To use word dropout on the source side, add the following options to the default problem:
params=(
...
--problem lib.task.seq2seq.problems.default.DefaultProblem
--problem-opts '{'"'"'inp_word_dropout'"'"': 0.1, '"'"'word_dropout_method'"'"': '"'"'random_word'"'"',}'
...)
For the dropout on the target side, replace inp_word_dropout
with out_word_dropout
.
(We assume you read the paper and understand what MRT is and how it works.)
In the scripts folder you can find file train_mrt.sh with the example of a training config for MRT problem. In the following, we explain how it is different from the baseline config.
To set the Minimum Risk Training objective, change the problem correspondigly:
params=(
...
--problem lib.task.seq2seq.problems.mrt.MRTProblem
--problem-opts '{'"'"'num_hypos'"'"': 50,}'
...)
Here num_hypos
is equal to the number of hypotheses generated for each training example. Note that with such a large number of hypotheses for each example, you will have to reduce your batch size (e.g., to 70
):
params=(
...
--batch-len 70
...)
and compensate for the batch size with virtual batch:
params=(
...
--optimizer-opts '{'"'"'beta1'"'"': 0.9, '"'"'beta2'"'"': 0.998,
'"'"'sync_every_steps'"'"': 400,
'"'"'average_grads'"'"': True, }'
...)
Note that the virtual batch size is very large (sync_every_steps
): this is ok if you want to keep the original batch size in the number of training examples. Yes, training is very slow.

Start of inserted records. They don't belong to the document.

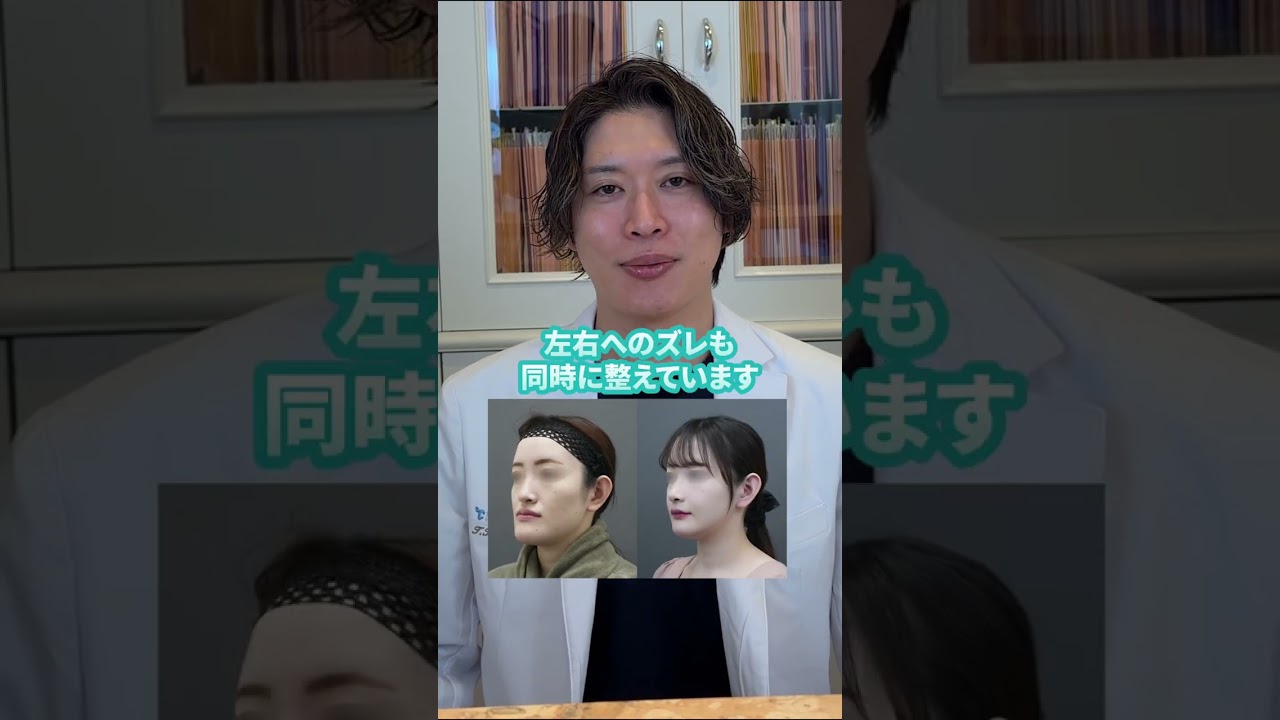 【質問回答】何センチ切った？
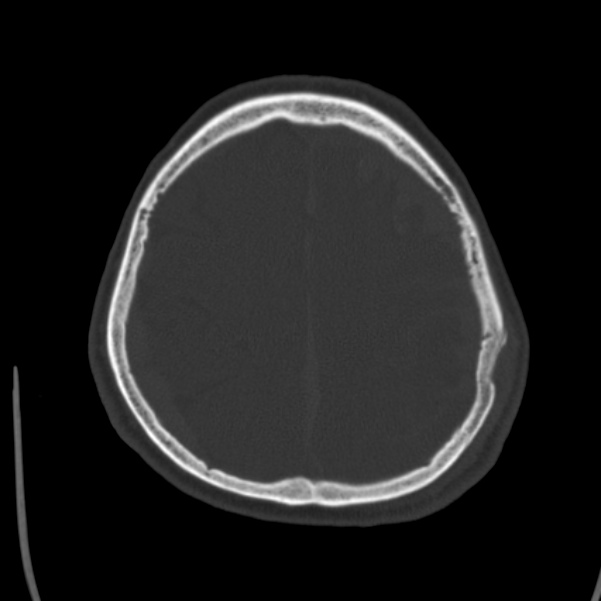 Cerebral hemorrhagic contusions (Radiopaedia 23145-23188 Axial bone window 45).jpg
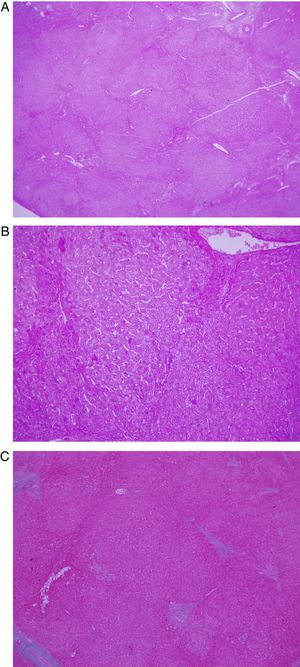 A) Baja magnificación (×2) con tinción con hematoxilina-eosina, evidencia áreas de hiperplasia nodular regenerativa y septos fibrosos delicados que a menudo son incompletos. B) Mayor magnificación (×10). C) Tinción tricrómica de Masson mostrando fibrosis periportal sin conexiones visible con otros tractos portales.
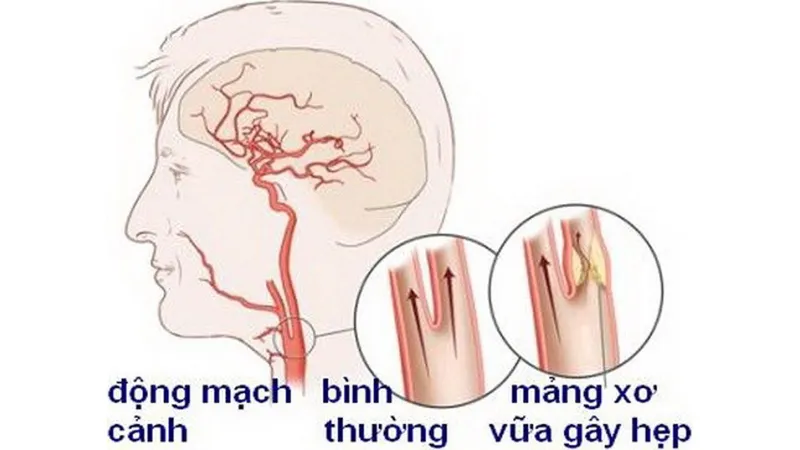 Chớ coi thường bệnh hẹp động mạch cảnh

You can try training MRT without such a large virtual batch, but when we tried, it didn't work well.
Since now for each example in your batch you making updates for about num_hypos
sentences, and this is a finetuning stage, you are not going to be training it for huge number of batches as in the baseline model training. Therefore, we suggest you to set the logging options to smaller values:
params=(
...
--score-dev-every 25
--translate-dev-every 50
--checkpoint-every-steps 50
...)
In MRT, you have to start training from an already trained model. Therefore, do not forgat to specify the initial checkpoint:
params=(
...
--pre-init-model-checkpoint 'dir_to_your_trained_baseline_checkpoint.npz'
...)
As we already mentioned, we found MRT training very unstable. The setting which worked for us was train with linearly increasing learning rate for 900 batches, then constant.
In more detail, for the first 900 batches set the following:
params=(
...
--learning-rate 4.0
--learning-rate-stop-value 1e-08
--decay-steps 16000
--decay-policy t2t_noam
...)
Then stop training, reset the init checkpoint to the latest you have, and change learning rate schedule to constant as follows:
params=(
...
--learning-rate 5e-5
--decay-policy constant
...)
With the constant learning rate, we trained for 500 batches.
Note: some papers dealing with MRT (for the links, see our paper) use constant learning rate and say that this is ok. I tried this, and it didn't work well. If this'll work for you - great! :)
Here are the useful notebooks:
-
1_Load_model_and_evaluate_LRP - load a model and evaluate LRP for a dataset;
-
2_Load_LRP_results_and_build_graphs - load LRP results we've built before and plot the graphs.